[open-bibliography] Place of Publication data from the BL dataset

Fri Nov 26 16:51:58 UTC 2010

On Thu, Nov 25, 2010 at 7:26 PM, William Waites <ww at eris.okfn.org> wrote:
> * [2010-11-25 18:58:27 -0500] Tom Morris <tfmorris at gmail.com> écrit:
> ]
> ] One of the difficulties of the current dataset is that it has no URIs
> ] assigned and very few strong identifiers of any type that can be used
> ] as handles to reference things.  You could, for example, go through
> ] the extracted publication places and group duplicates together using
> ] Google Refine, but you'd have no way to use that cleaned data set to
> ] improve the original or any of the extracted copies.
>
> Indeed. One of the reasons I didn't invent unique URIs for the places
> when doing the first step of transformation for what is in
> http://bnb.bibliographica.org/ would be that in effect that would just
> be a process of skolemisation -- not very helpful.

Minting URIs for your copy of the data is too late in the process to
be helpful anyway.  What's needed to is to have the original data
export include any available identifiers.

> Or even better, loop over all books with the same publisher and place
> name label and [equate the text literal with a geonames ID].

That's assuming that the place of publication is stored on a
per-publisher basis, not a per-book basis in the British Library
database.  That type of knowledge about the schema used in the
internal database will be key to making informed decisions about the
data.  Where is that schema documented?

> If we can get there, some sort fun game that people can play that
> creates SPARQL queries like this, we can fix the data.

The process you described fixes your *copy* of the data.  It doesn't
fix my copy or Karen's copy, and it certainly doesn't help the
original data.  Without identifiers in the original data, it
complicates merging everyone's independent improvement results (as Jim
pointed out).

On Fri, Nov 26, 2010 at 4:39 AM, Deliot, Corine <Corine.Deliot at bl.uk> wrote:
> The conversion currently takes the place of publication, distribution,
> etc. from the 260$a. We're considering including the 008/15-17 in future
> releases.

What does that mean in English?

Is there a listing available someplace of what fields in the dump came
from free form text fields vs database records which guarantee that
anything linked to that record always has the same text value?  For
example, book titles and edition statements are almost certainly
free-form text fields, but I'd expect authors to have individual
records where every book linked to the same record to have the same
author name in the dump.

Is there a comprehensive list of which fields are free-form vs
database record backed?  Knowing the internal schema would be very
helpful in making use of the data.

On Fri, Nov 26, 2010 at 2:45 AM, Ben O'Steen <bosteen at gmail.com> wrote:
> (And as Karen has just pointed out, the reason why I am exploring this field
> is to aid disambiguation of publishers. Having created the overview that I
> know I need,  I thought to share it here.)

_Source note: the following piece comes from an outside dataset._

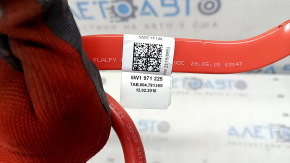 Battery cable through the entire body of Audi A4 B9 17-25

That makes sense, although I'd have thought that publisher data is
noisy enough and low value enough that it'd be pretty far down on the
priority list to clean up.

More interesting I think is whether these text strings represent one
author or three or ...:

  Wilson, Angus, 1913-1991
  Wilson, Angus, 1913-1991,
  Wilson, Angus, 1913-1991.
  Wilson, Angus.
  Willson, Angus.

My gut tells me that at least the first three text strings probably
represent a single author, but that's not what the database seems to
think.

Tom

p.s. Can some librarian type tell me what the trailing period (full
stop) means?  It's not used consistently, but it appears much, MUCH
more frequently in library data than anywhere else I've seen.